→ To do
Give back, exactly as written, the lines from the first line of the data below through the line with "Kanye West posing", and omit the pictures.

→ Data provided
━━━━━━

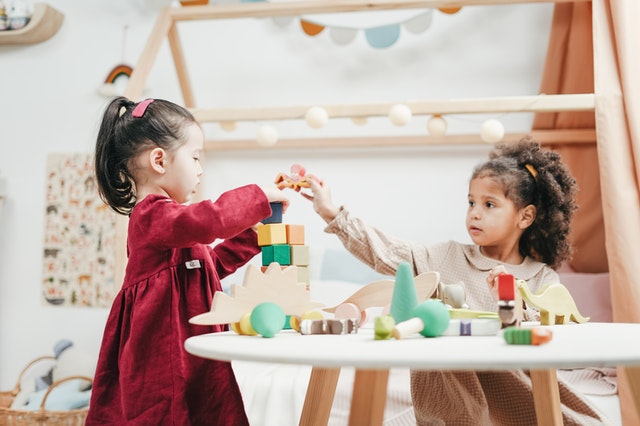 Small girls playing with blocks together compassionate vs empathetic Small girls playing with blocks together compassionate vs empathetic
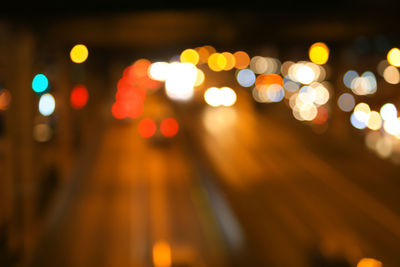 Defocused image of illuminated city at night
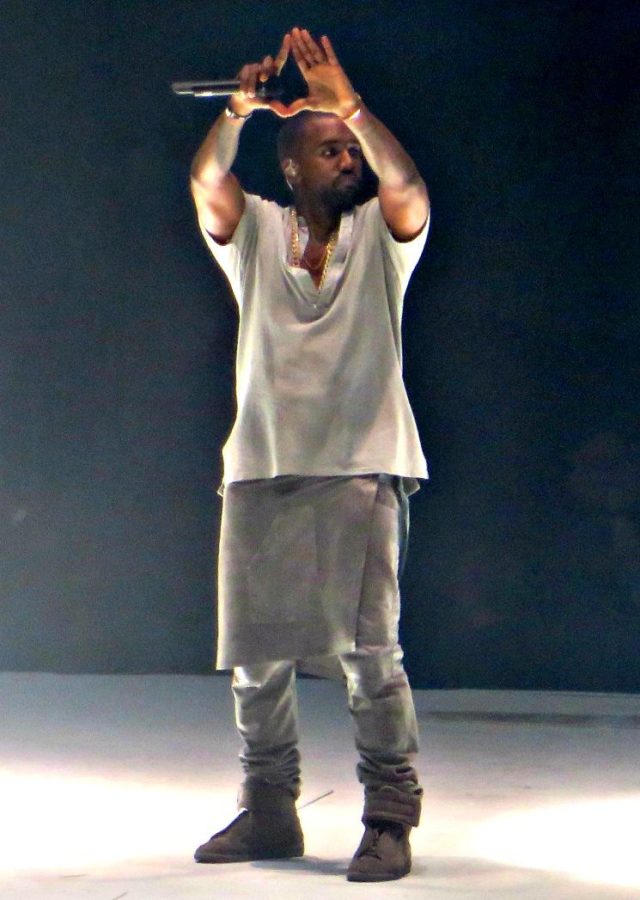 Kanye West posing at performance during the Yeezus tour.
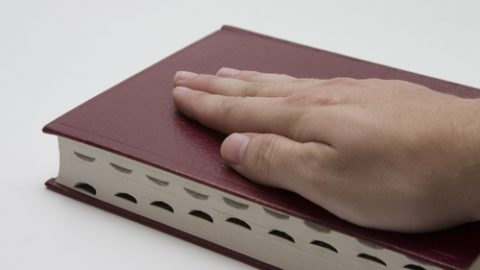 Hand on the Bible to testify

━━━━━━

→ Reply to the task
 Small girls playing with blocks together compassionate vs empathetic Small girls playing with blocks together compassionate vs empathetic
 Defocused image of illuminated city at night
 Kanye West posing at performance during the Yeezus tour.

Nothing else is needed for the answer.